DATA BELOW:
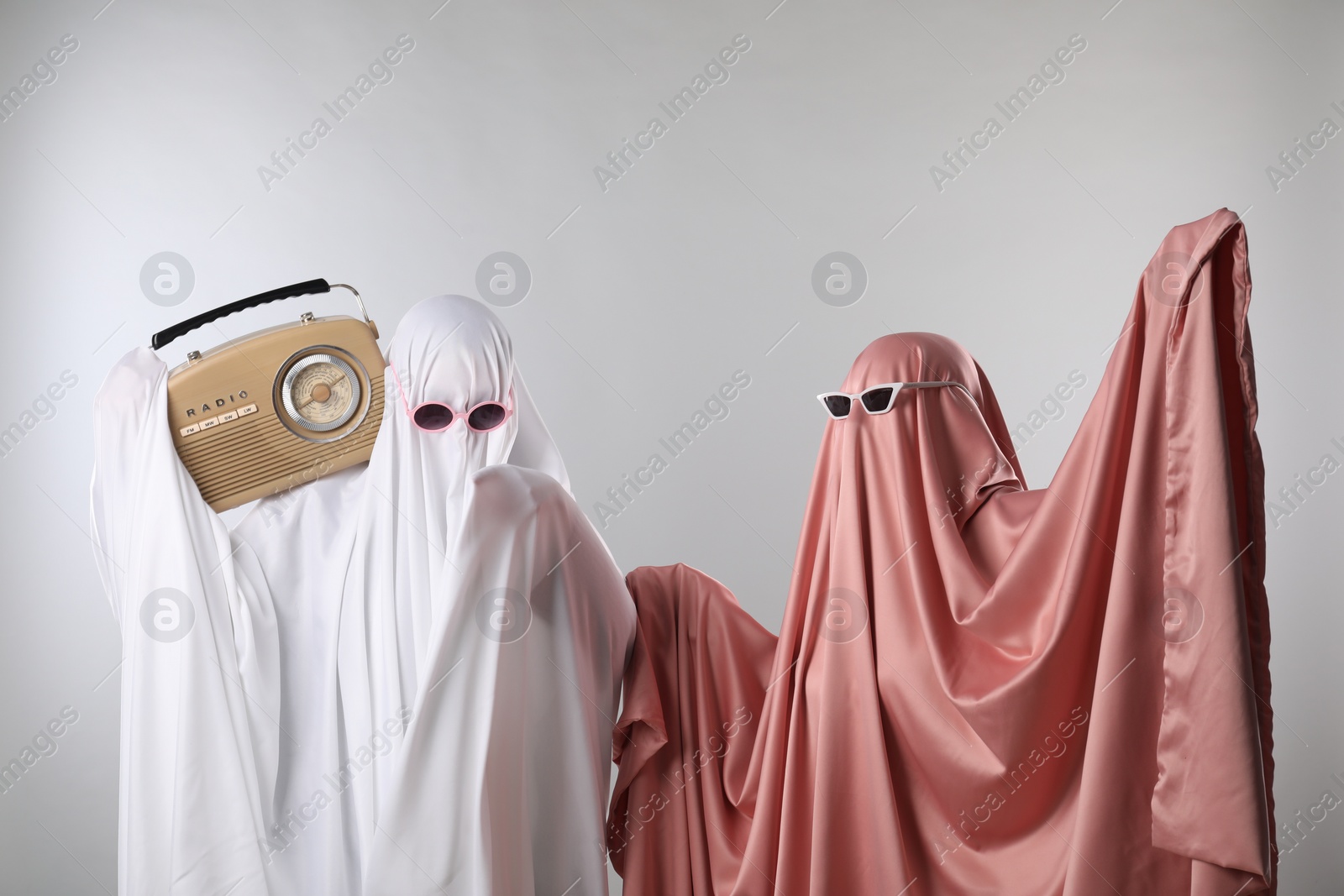 Photo of Glamorous ghosts. Women in color sheets and sunglasses with retro radio receiver on light grey background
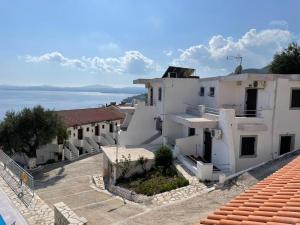 a group of white buildings with the ocean in the background at Yannis Apartments Barbati in Barbati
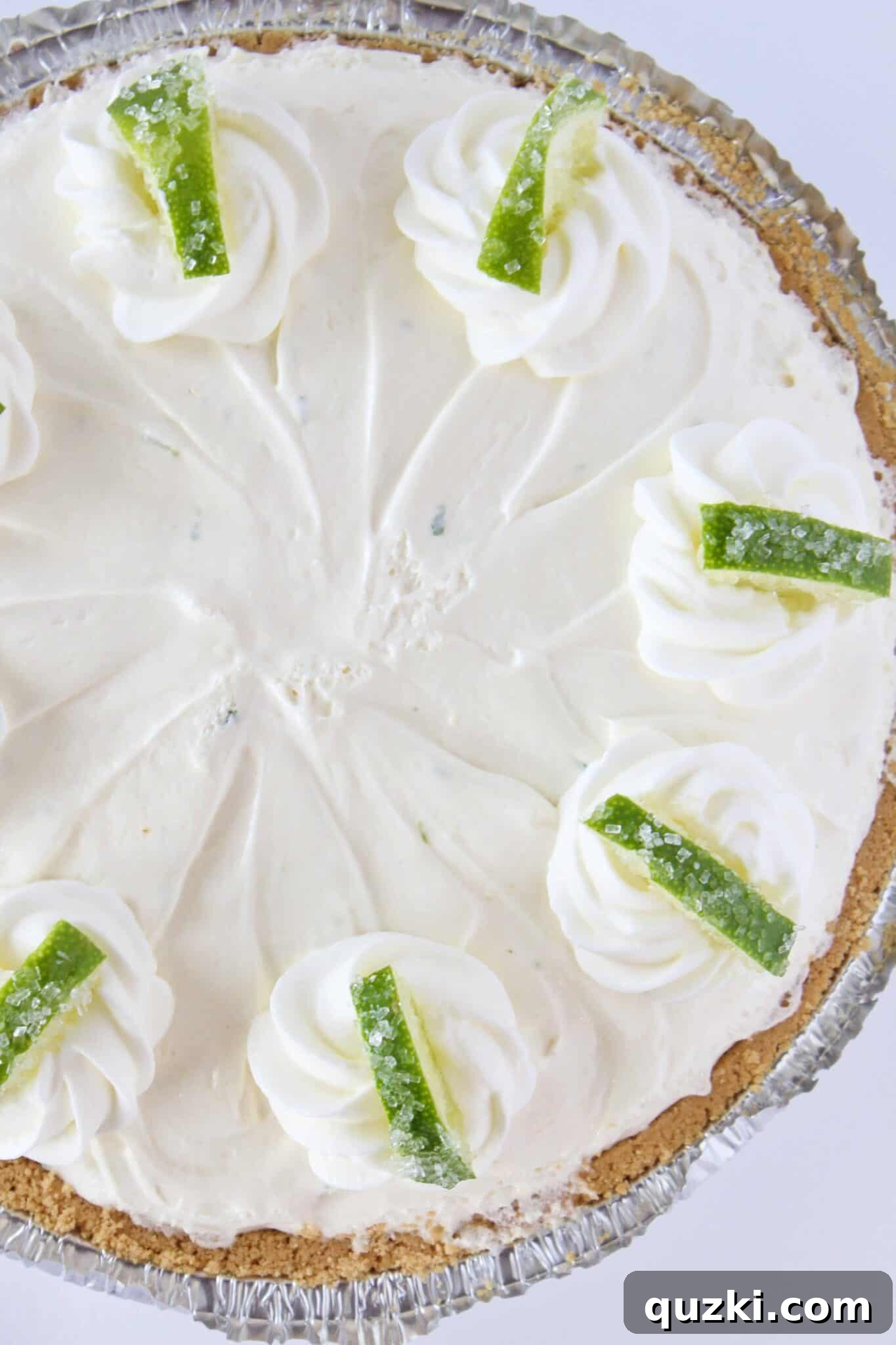 Effortless Margarita Cheesecake Dream 7 A finished margarita no bake cheesecake, garnished and ready to serve.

EXERCISE PROMPT:
Reproduce word for word the lines from the one containing "a group of white" through the end of the data, both ends kept. Drop the pictures.

SOLUTION:
 a group of white buildings with the ocean in the background at Yannis Apartments Barbati in Barbati
 Effortless Margarita Cheesecake Dream 7 A finished margarita no bake cheesecake, garnished and ready to serve.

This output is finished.